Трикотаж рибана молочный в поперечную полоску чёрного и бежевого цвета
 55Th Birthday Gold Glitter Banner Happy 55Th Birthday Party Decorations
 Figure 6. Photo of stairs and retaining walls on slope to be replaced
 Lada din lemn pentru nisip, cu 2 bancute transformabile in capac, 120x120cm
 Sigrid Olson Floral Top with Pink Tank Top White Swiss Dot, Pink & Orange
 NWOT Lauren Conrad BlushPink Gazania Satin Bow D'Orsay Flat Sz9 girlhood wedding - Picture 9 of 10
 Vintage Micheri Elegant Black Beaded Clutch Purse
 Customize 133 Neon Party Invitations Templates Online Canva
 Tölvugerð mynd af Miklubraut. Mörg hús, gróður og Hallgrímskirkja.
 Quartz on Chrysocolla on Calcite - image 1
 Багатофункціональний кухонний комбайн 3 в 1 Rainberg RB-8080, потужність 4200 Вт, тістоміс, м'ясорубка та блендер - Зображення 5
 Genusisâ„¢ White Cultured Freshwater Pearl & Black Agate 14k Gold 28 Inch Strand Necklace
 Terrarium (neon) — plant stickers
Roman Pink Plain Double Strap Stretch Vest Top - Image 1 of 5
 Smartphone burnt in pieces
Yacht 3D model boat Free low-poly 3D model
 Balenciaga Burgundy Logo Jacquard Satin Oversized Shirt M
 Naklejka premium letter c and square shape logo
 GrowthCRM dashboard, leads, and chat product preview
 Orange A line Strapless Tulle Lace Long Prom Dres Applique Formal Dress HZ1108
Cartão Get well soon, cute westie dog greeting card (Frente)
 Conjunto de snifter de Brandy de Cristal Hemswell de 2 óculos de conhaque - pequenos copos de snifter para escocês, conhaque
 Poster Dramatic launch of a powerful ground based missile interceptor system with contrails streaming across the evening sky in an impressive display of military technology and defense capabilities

■ **About this exercise**
Line by line, please copy the records above exactly.

■ **Expected output**
Трикотаж рибана молочный в поперечную полоску чёрного и бежевого цвета
 55Th Birthday Gold Glitter Banner Happy 55Th Birthday Party Decorations
 Figure 6. Photo of stairs and retaining walls on slope to be replaced
 Lada din lemn pentru nisip, cu 2 bancute transformabile in capac, 120x120cm
 Sigrid Olson Floral Top with Pink Tank Top White Swiss Dot, Pink & Orange
 NWOT Lauren Conrad BlushPink Gazania Satin Bow D'Orsay Flat Sz9 girlhood wedding - Picture 9 of 10
 Vintage Micheri Elegant Black Beaded Clutch Purse
 Customize 133 Neon Party Invitations Templates Online Canva
 Tölvugerð mynd af Miklubraut. Mörg hús, gróður og Hallgrímskirkja.
 Quartz on Chrysocolla on Calcite - image 1
 Багатофункціональний кухонний комбайн 3 в 1 Rainberg RB-8080, потужність 4200 Вт, тістоміс, м'ясорубка та блендер - Зображення 5
 Genusisâ„¢ White Cultured Freshwater Pearl & Black Agate 14k Gold 28 Inch Strand Necklace
 Terrarium (neon) — plant stickers
Roman Pink Plain Double Strap Stretch Vest Top - Image 1 of 5
 Smartphone burnt in pieces
Yacht 3D model boat Free low-poly 3D model
 Balenciaga Burgundy Logo Jacquard Satin Oversized Shirt M
 Naklejka premium letter c and square shape logo
 GrowthCRM dashboard, leads, and chat product preview
 Orange A line Strapless Tulle Lace Long Prom Dres Applique Formal Dress HZ1108
Cartão Get well soon, cute westie dog greeting card (Frente)
 Conjunto de snifter de Brandy de Cristal Hemswell de 2 óculos de conhaque - pequenos copos de snifter para escocês, conhaque
 Poster Dramatic launch of a powerful ground based missile interceptor system with contrails streaming across the evening sky in an impressive display of military technology and defense capabilities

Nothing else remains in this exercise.